Photo © Cindy Matteoni
During the month of October, I performed a series of preschool story time concerts in Oregon’s Douglas County Public Library System. Yesterday, I played a gig at the small library in Oakland, Oregon (population 927). The vintage 1910 building has thirteen-foot ceilings and large wooden-frame windows. The library resides on the top floor of the building and the Oakland Play School Co-op operates downstairs.

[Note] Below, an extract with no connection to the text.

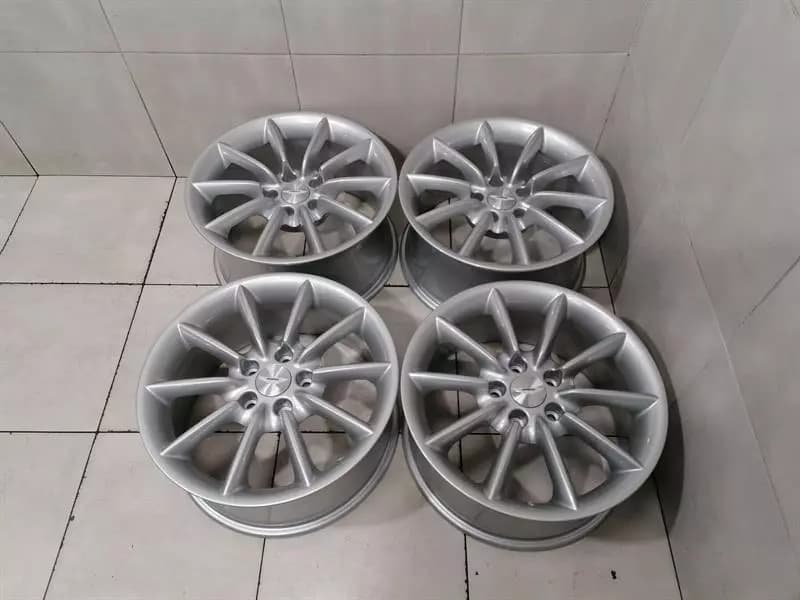 ASTON MARTIN 18 ASTON MARTIN DB7 VANTAGE V12 SET Alloy Wheels 36-120944-AB Alloy Rim SET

In the 21st-century, it’s uncommon to find a public library within walking distance of a school campus, let alone one in such close proximity that the students can access the library, even on a rainy day. So, Miss Melinda, the school’s lone teacher, assisted by several parent volunteers, brought her class of a dozen preschool students upstairs to attend my concert in the cozy children’s room of the library. I taught them to sing Woody Guthrie’s “Put Your Finger in the Air” and “Why Oh Why?” We sang “Twinkle-Twinkle Little Star,” “Old MacDonald Had a Farm,” and “The Wheels on the Bus,” with which they were already quite familiar. And I told them the story-song that I learned from my mentor, Sam Hinton, called “The Frog Song” (which is so obscure I don’t think anyone sings it anymore except me).
About 25-minutes into the concert, a five-year old boy in the front row, wearing spectacles with bright green frames, raised his hand and said plaintively, “My mom said you were going to sing ‘Wizard of Oz!’”
I realized I had forgotten something. No matter the age of the people in my audience, I almost always include Harold Arlen and Yip Harburg’s 1938 composition, “Somewhere Over the Rainbow” in my concerts. And this young fellow made it clear that he had been led to believe that this song would be a part of this concert. So, I played it on the autoharp and sang the familiar lyric. Some of the children inaudibly mouthed the words and nodded their heads while their mothers sang along.
Whatever their origins, whatever their genre, some songs enter the oral tradition and become truly universal. Over one billion people have watched the 1939 MGM motion picture, “The Wizard of Oz:” it has been enjoyed by more people, in more languages, than any other film in the history of the medium. It is no wonder that, in 2001, “Somewhere Over the Rainbow” was voted the number one popular “Song of the Century.”